The need for an apology has been highlighted several times in recent months, with David Cameron's apology being the most in demand. He's been asked to apologise for the British massacre at Amritsar, for the Bloody Sunday shootings, for the police errors and subsequent cover-up at Hillsborough. Each time the significance of the event seems to have been lost in the desperate clamour for apology, which is unfortunate but inevitable given the need for a simple banner headline. The events (in 1919, 1972 and 1989) have nothing to do with Cameron personally and therefore he is in effect being asked to apologise for the faults of others. I don't think anyone would argue that British people in authority were at fault in each of these cases, and given that few if any of them are around to apologise now, it seems that if an apology is required it must carry most weight when delivered by the man at the top. Not even the most ardent Cameron-haters would suggest that he's apologising for any wrong-doing on his part, so what's the problem?
We all apologise multiple times every day - when we hand over a £20 note to pay for a single stamp to when someone barges into us in the street - we simply can't wait to apologise. Maybe it's because we'll never see these people again, or because we feel that it's merely customary to apologise, or because it's simply a learned reaction. We're not really sorry of course, and maybe that's why it's easier to get the word out.
An apology should make everyone feel better, or at least make a person on one side of the apology feel better. It's a way of drawing a line under things; it signals the time to move on. I hesitate to use the dreadful word 'closure', but that's what I'm hinting at. However, in too many cases it's seen as a sign of weakness to apologise; one is handing the initiative to the other person and providing them with back-up ammunition to be brought out during a later argument.
Problems tend to arise because we feel the need to categorise apologies under so many headings, some of which are likely to inflame the situation:
1. I'm apologising for something I have done wrong and feel that it's right to say sorry.
2. I'm apologising even though I don't think I've done anything wrong. This tends to be used as a way of diffusing an argument one wants to get out of.
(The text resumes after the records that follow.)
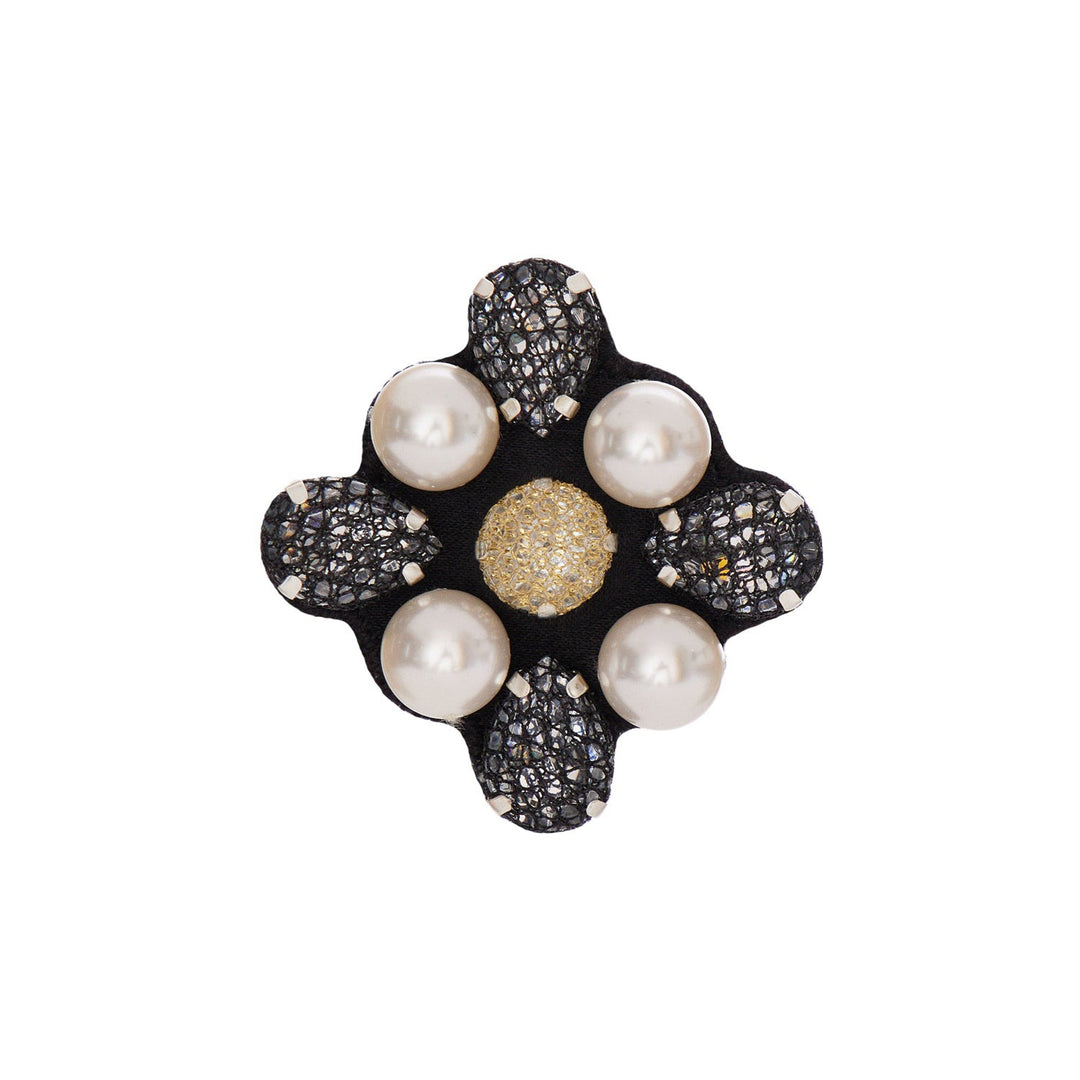 Daisy Brooch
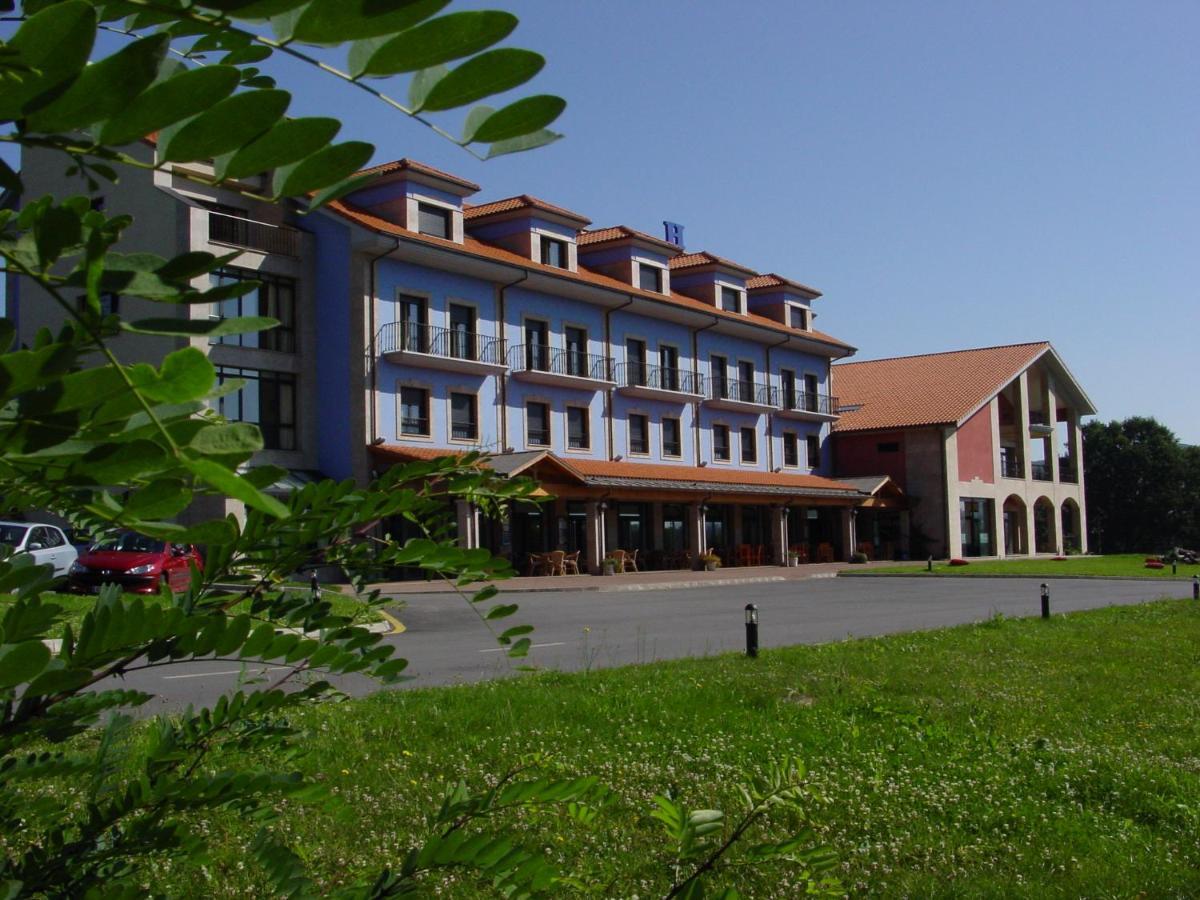 Hotel Cristina Noreña Eksteriør billede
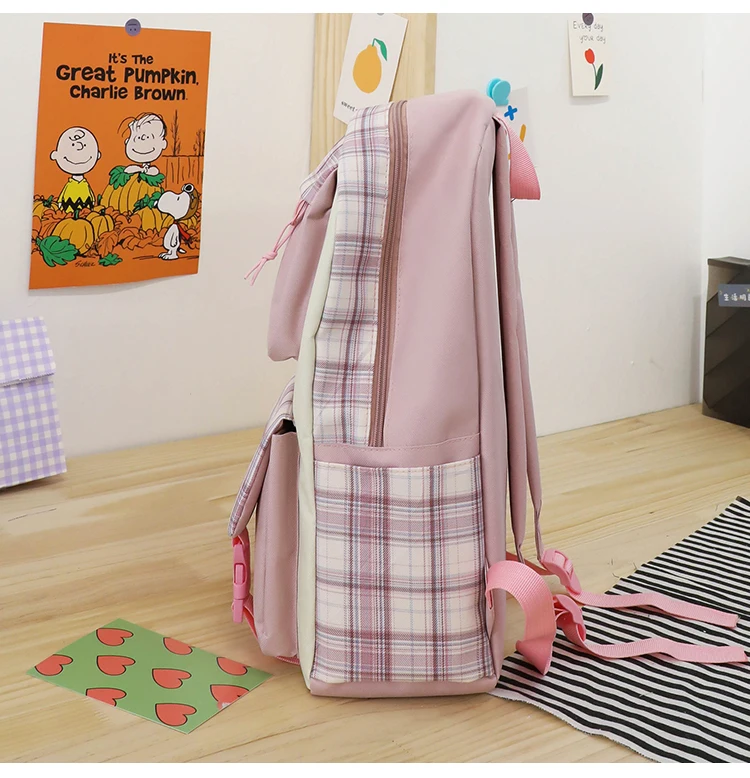 Wholesale customized large capacity middle and high school cute dolls students 4 in 1 lunch box  travel school backpack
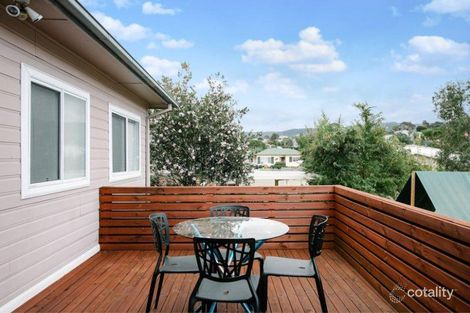 Property photo of 17 Central Road Unanderra NSW 2526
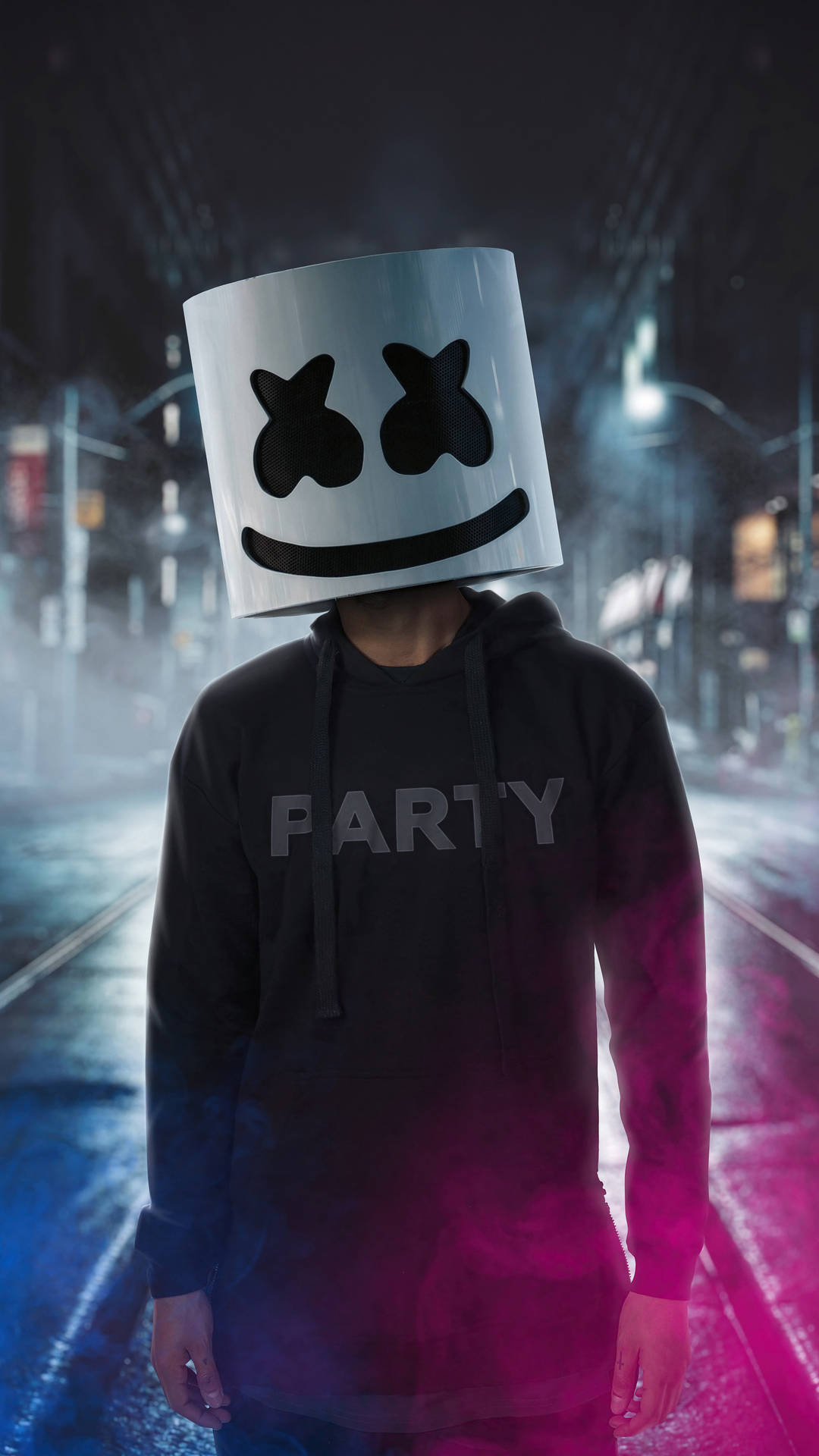 一個人戴著棉花糖頭盔和印有「PARTY」的連帽衫，夜晚站在霓虹燈照亮的城市街道上。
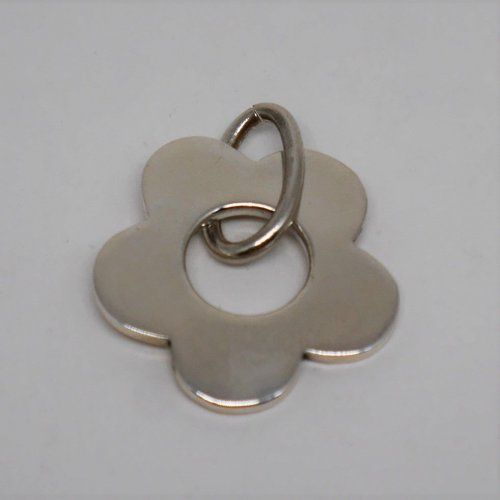 alt=\"Colgante flor plata de ley. www.santelmotienda.com\"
3. I'm apologising because you're upset with me even though I don't think I did anything to upset you. This is usually delivered as an apology which isn't really an apology at all: 'I'm sorry that you feel this way' i.e. it's actually mostly your fault that you feel this way.
4. I'm apologising for the situation, even though it's clearly someone else's fault. I shoulder overall responsibility and therefore it's reasonable for me to apologise.
I'd suggest that 1 is a pretty good reason to apologise and 4 is not someone we should shy away from. I do a fair amount of 4 in my job and it's surprising how often it catches people off-balance when they demand an apology and you give it to them. They often seem disappointed and had hoped they would be able to get in a few jabs before the knock-out. It's as though there's something disconcerting about the immediacy and unexpectedness of an apology.
Maybe a few people in power could learn from bogun Aussie PM Julia Gillard. Her recent adoption apology was well delivered and fully appropriate. It didn't make her seem weak, merely reasonable. It may not have provided 'closure' to many, but I'm sure it increased the collective 'feeling better-ness', and there's absolutely nothing wrong with that.